Re: Evidence for "Big Bang Theory"

Robert Roosen (roosen@crash.cts.com)
Tue, 2 May 1995 06:51:33 GMT

William S. Lawson (lawson@ludwig.llnl.gov) wrote:

: In article <D7tBBH.EK5@crash.cts.com>, roosen@crash.cts.com writes:
: |> My question is whether this "astronomical cosmology" can really
: |> exist without an underlying cultural basis.
: |> I studied cosmology an a part of anthropology and it made good
: |> sense. These hypotheses that are presently being advanced as "cosmology"
: |> by people who are not even astronomers (eg Einstein, Hawking, etc.) are
: |> not supported by astronomical observations. They contain speculations
: |> that go way beyond what the data can support.
: |> Apparently, this approach to cosmology has grown out of a joke by
: |> Eddington. He claimed that he and others were so brilliant that they
: |> could create a mathematical model of the universe that was more perfect
: |> than the observers could test. Lesser minds do not realize that the
: |> claim was a joke. There really are people that think some day "we" will
: |> explain everything.
: |> I am not one of those people.
: |> Robert

: This is beginning to look like a deliberate provocation, but assuming it isn't:
: You might try studying cosmology as part of astronomy or physics.

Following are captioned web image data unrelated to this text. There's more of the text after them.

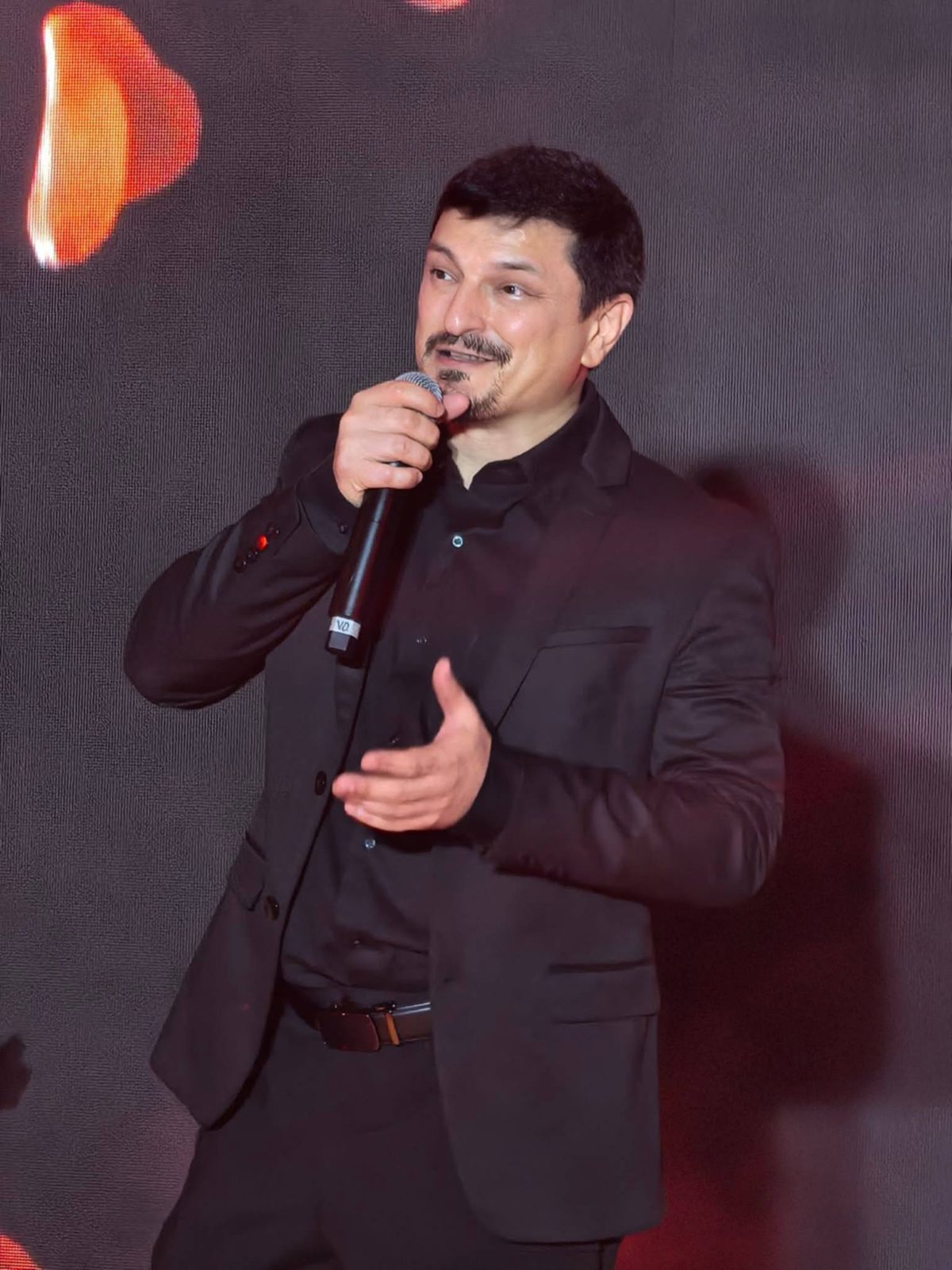 Kuya Manzano, founder of iChill Productions, on stage with a microphone in a black suit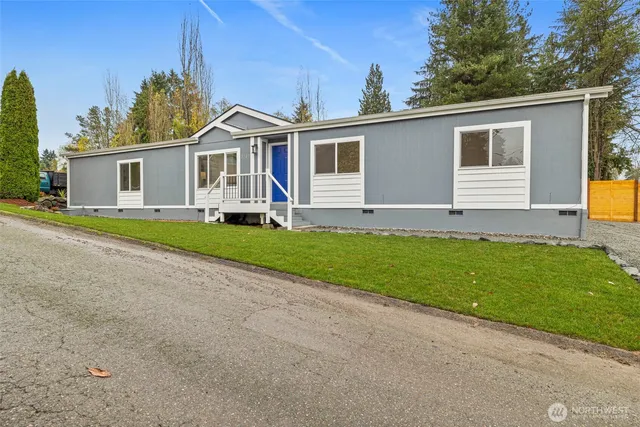 a front view of house with yard and green space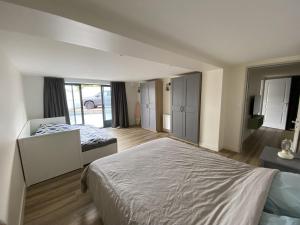 a bedroom with a large bed and a large window at La Grande Mimi in Jard-sur-Mer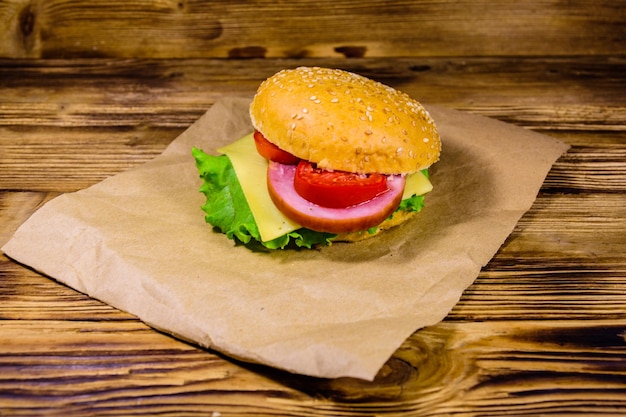 Hamburger frais sur papier brun sur table en bois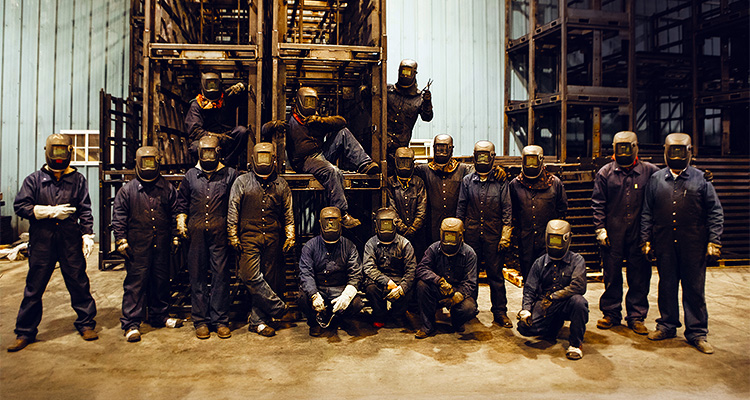 Parkfab welders posing for photograph wearing full welding gear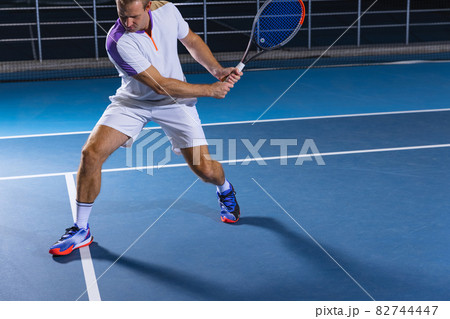 Portrait of tennis player in motion, returning a ball. Game training over court background Portrait of tennis player in motion, returning a ball. Game training over court background 82744447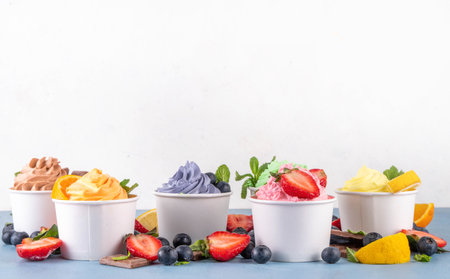 Frozen yogurt assortment. Soft creamy ice cream with chocolate, vanilla, berry, fruit flavors. Various tastes frozen yogurt cup with ingredients - blueberry, chocolate, strawberry, orange, lemon, mintの写真素材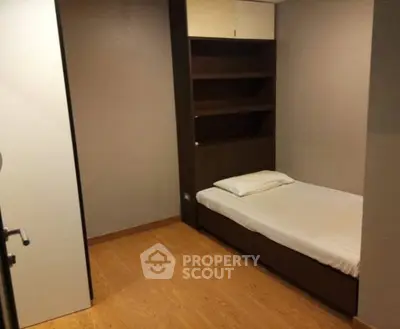 Cozy minimalist bedroom with wooden flooring and built-in shelving.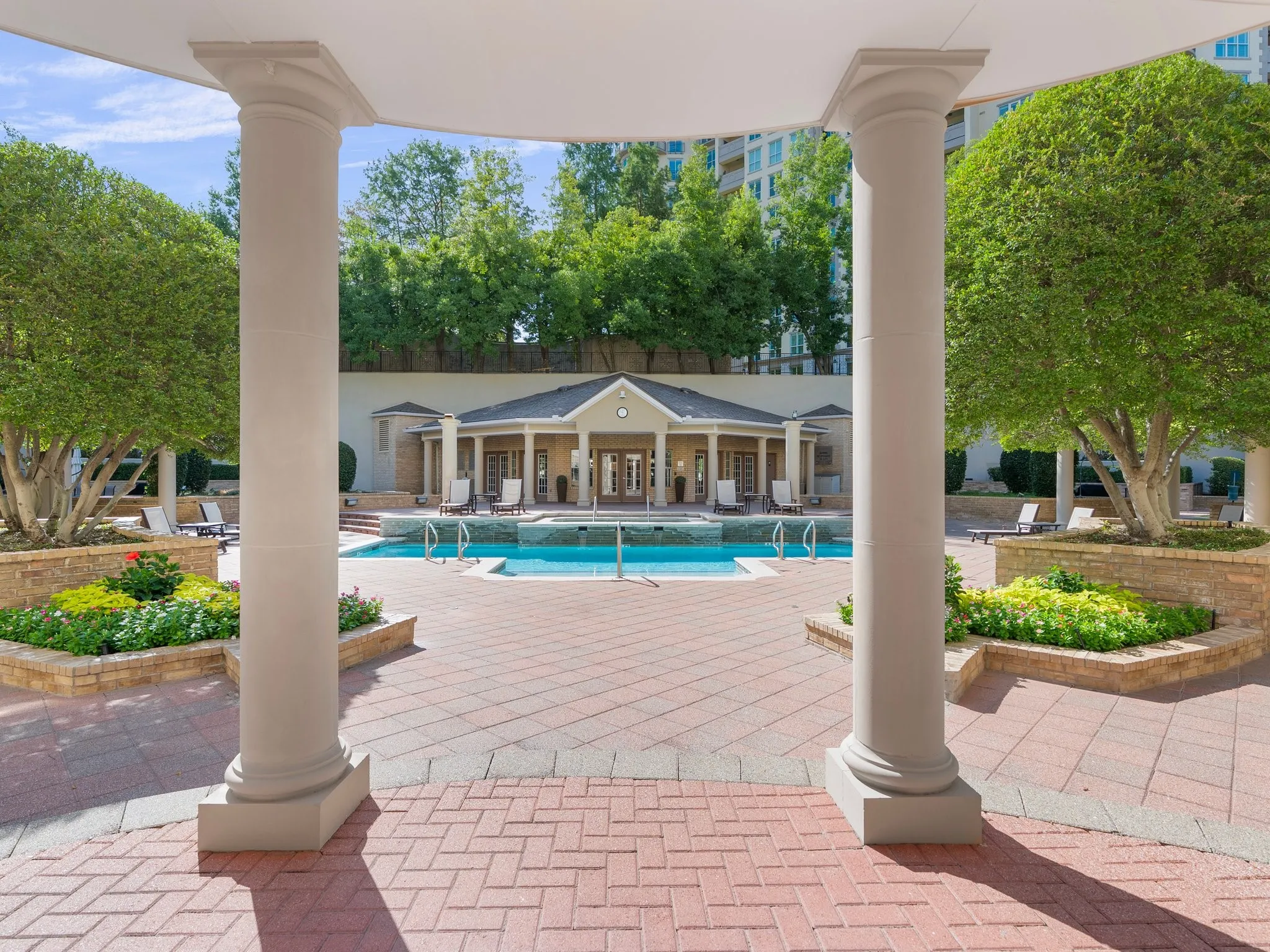 Expansive paver patio with a central swimming pool and surrounding green landscaping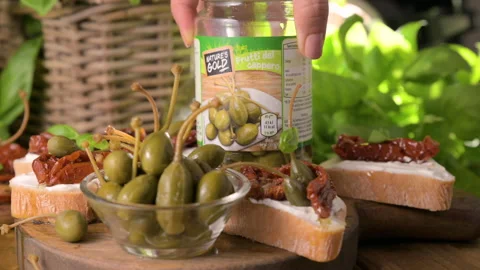 Large berry capers. Capar, capari. From Italy, France or Africa. For appetizers Stock Footage 234133715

Oh, I did that thirty years ago. I took a one year course from Frank
Edmonds, who was a student of Chandrasekhar. Beatrice Tinsley was one of
my classmates, and she used some of my data for her own cosmological
studies. How do you think I know what nonsense people are talking? I
was there when they were just another group, and watched while Chandra
politicized his way to the Nobel Prize.
Do you remember when he forced out C. R. O'Dell as Director of
Yerkes Observatory, primarily because O'Dell was really good at poking
fun at Chandra. I remember. O'Dell was a friend of mine.

A poor
: anthropologist might well try to explain everything in terms of human culture
: and psychology, but there is more to reality than this. A good anthropologist
: would not make this mistake.

So have you studied cosmology as an anthropoligical subject?

: Specifically, "speculations beyond what the data can support", is usually
: termed, "formulating a hypothesis". It is followed by testing that hypothesis,
: and must always be consistent with the known data.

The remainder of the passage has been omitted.